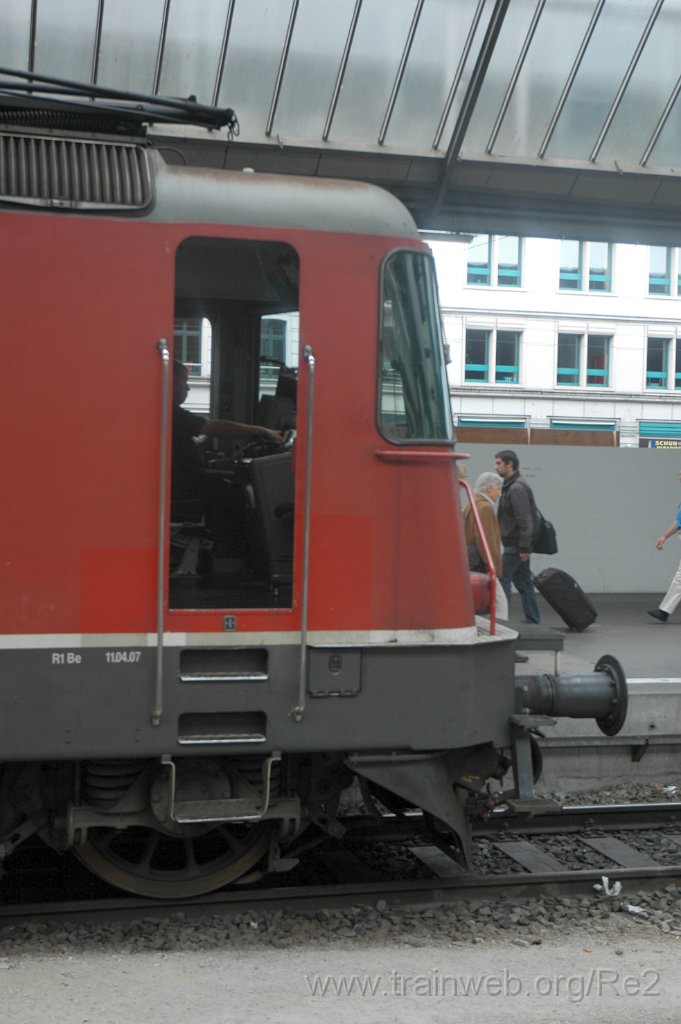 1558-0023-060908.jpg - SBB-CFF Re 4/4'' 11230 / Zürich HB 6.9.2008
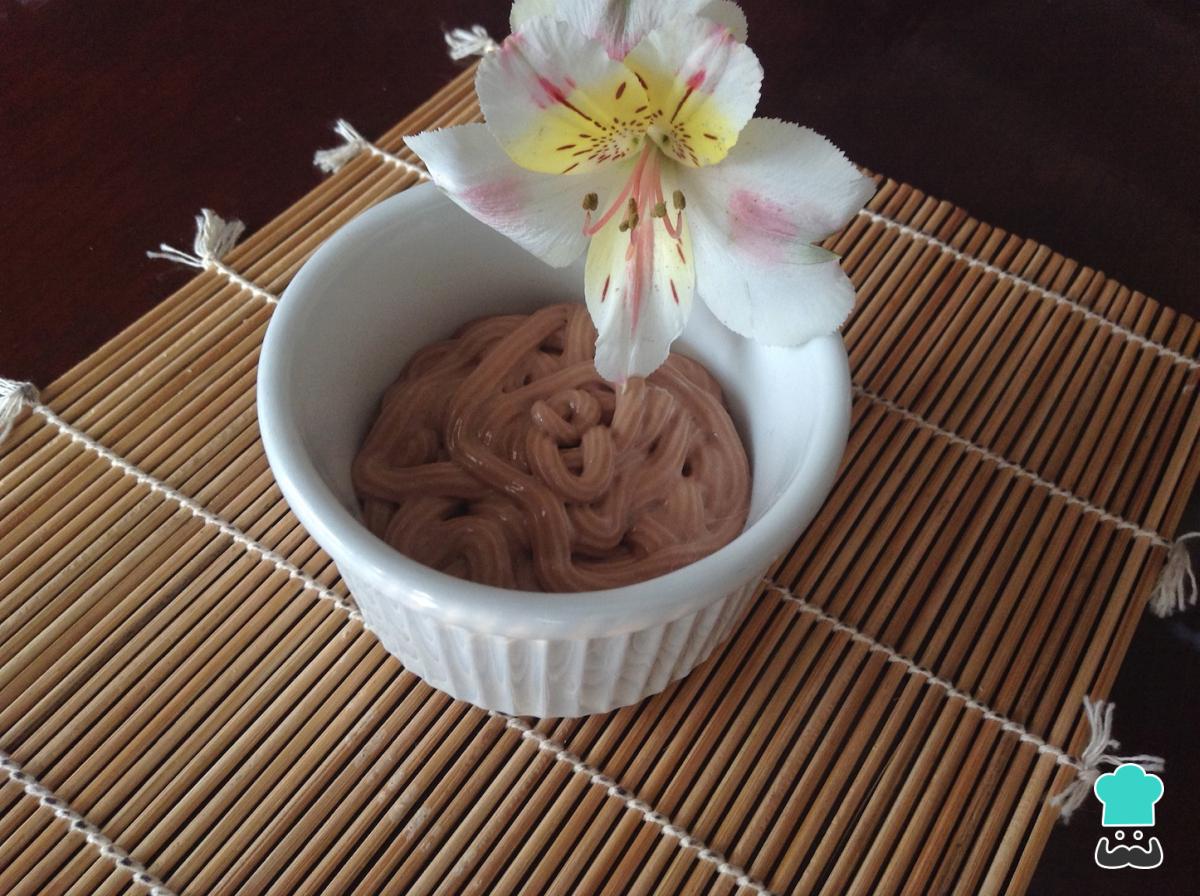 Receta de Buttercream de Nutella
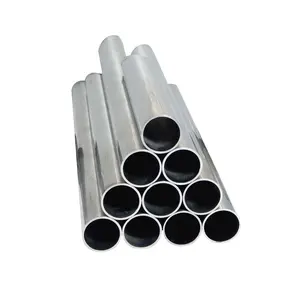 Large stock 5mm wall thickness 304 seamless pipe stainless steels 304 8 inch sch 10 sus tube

WORK ORDER
Output all the material verbatim, skipping every image.

WRITTEN ANSWER
 1558-0023-060908.jpg - SBB-CFF Re 4/4'' 11230 / Zürich HB 6.9.2008
 Receta de Buttercream de Nutella
 Large stock 5mm wall thickness 304 seamless pipe stainless steels 304 8 inch sch 10 sus tube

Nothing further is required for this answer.